We have long known that tens of thousands of Jews were able to escape almost certain death thanks to the protective documents issued by diplomats from Sweden, Switzerland, Japan, Portugal, Brazil, China, Peru and other countries, often in defiance of their respective governments’ explicit orders.
Less well known, but no less deserving of lasting recognition and gratitude, is the clandestine initiative undertaken by a small group of Polish diplomats and Jewish activists in Switzerland.
Known as the Bernese Group, they forged Latin American passports and issued certifications of Paraguayan nationality for Jews in Poland and elsewhere facing almost certain annihilation. This endeavor was largely funded by the Geneva office of the World Jewish Congress through an organization called RELICO (the Relief Committee for the War-Stricken Jewish Population) headed by Dr. Abraham Silberschein, a former member of the Polish Parliament.
Konstanty Rokicki, a Polish consul, together with Julius Kuhl, a Jewish attache at the legation, bribed Latin American diplomats – in particular the above mentioned honorary consul of Paraguay – to obtain blank passports, which Rokicki then proceeded to forge manually. Rokicki also obtained blank signed letters from the honorary consul, such as the one sent to my father, stating that the recipient was a Paraguayan national.
Aleksander Lados, the Polish ambassador to Switzerland, oversaw both the operation and its cover-up, provided his fellow conspirators with diplomatic support and convinced the Swiss authorities to turn a blind eye to the group’s efforts. Helped by Jews in Switzerland with contacts in various ghettos of Poland, including Alfred Schwartzbaum, a refugee from my father’s hometown living in Lausanne who gave the diplomats my father’s name, the Bernese Group compiled lists of Jews for whom the forged passports or nationality letters could be created, and then arranged for the fake documents to be smuggled to the Warsaw Ghetto, Będzin and other locations in Nazi-occupied Poland.

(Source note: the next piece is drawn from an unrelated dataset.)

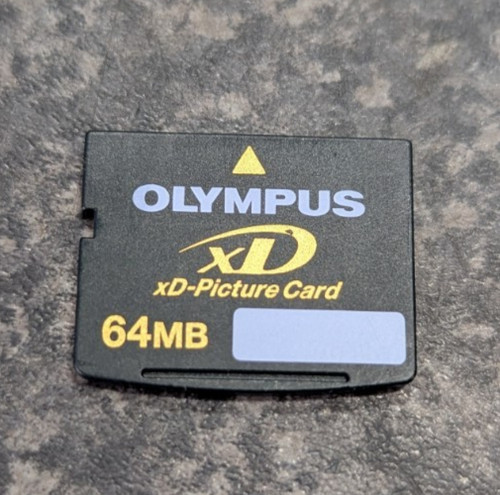 Olympus 64mb picture card - olympus,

The Bernese Group also provided passports to Dutch, Slovakian, Hungarian and German Jews. One such false passport, in the name of Jan Lemberg, enabled a future French prime minister, Pierre Mendès-France, to travel from Geneva through occupied France to Portugal and from there to London.
While most of the thousands of passports and letters of nationality manufactured by the Bernese Group either did not reach their intended destination or proved to be of little if any avail, hundreds of the documents were in fact honored or resulted in their holders receiving preferential treatment from the German authorities that enabled them to survive.
We cannot and must not overlook those Poles who betrayed their Jewish neighbors to the Germans, who killed Jews or who profiteered from the ghettoization and deportation of Polish Jewry. But at a time when historians and politicians debate what did and what did not happen in Poland during the years of the Holocaust, it is equally important for us to publicly acknowledge and honor those Poles, like the diplomats in Bern, who altruistically sought to save Jewish lives.
The current Polish ambassador to Switzerland, Kumoch, dedicates himself to integrating the accomplishments of the Bernese Group into the historiography of the Holocaust. He emphasized in an interview on Polish radio in 2018 that the Bernese Group was “a Polish-Jewish operation,” and that those who categorize it as only Polish or only Jewish “falsify history.”
Kumoch is indeed an admirable and worthy successor to Ambassador Lados and the other members of the Bernese Group who did not know my father but nonetheless tried to throw him a lifeline in what was truly humankind’s darkest hour.